§ Records supplied:

[Start of Attachment]

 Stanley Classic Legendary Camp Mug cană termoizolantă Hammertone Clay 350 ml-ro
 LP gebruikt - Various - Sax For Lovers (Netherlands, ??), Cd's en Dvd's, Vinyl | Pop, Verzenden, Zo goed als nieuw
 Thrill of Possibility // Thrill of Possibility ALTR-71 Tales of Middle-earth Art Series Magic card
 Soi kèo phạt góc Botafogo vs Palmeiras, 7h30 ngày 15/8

[End of Attachment]
[Start of Attachment]

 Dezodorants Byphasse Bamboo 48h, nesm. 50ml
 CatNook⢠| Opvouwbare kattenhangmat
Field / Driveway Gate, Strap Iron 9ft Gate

[End of Attachment]

§ Work order:
All that belongs in the answer is the run of lines above from the line containing "Stanley Classic Legendary" through the line containing "Soi kèo phạt", exactly as written.

§ Response:
 Stanley Classic Legendary Camp Mug cană termoizolantă Hammertone Clay 350 ml-ro
 LP gebruikt - Various - Sax For Lovers (Netherlands, ??), Cd's en Dvd's, Vinyl | Pop, Verzenden, Zo goed als nieuw
 Thrill of Possibility // Thrill of Possibility ALTR-71 Tales of Middle-earth Art Series Magic card
 Soi kèo phạt góc Botafogo vs Palmeiras, 7h30 ngày 15/8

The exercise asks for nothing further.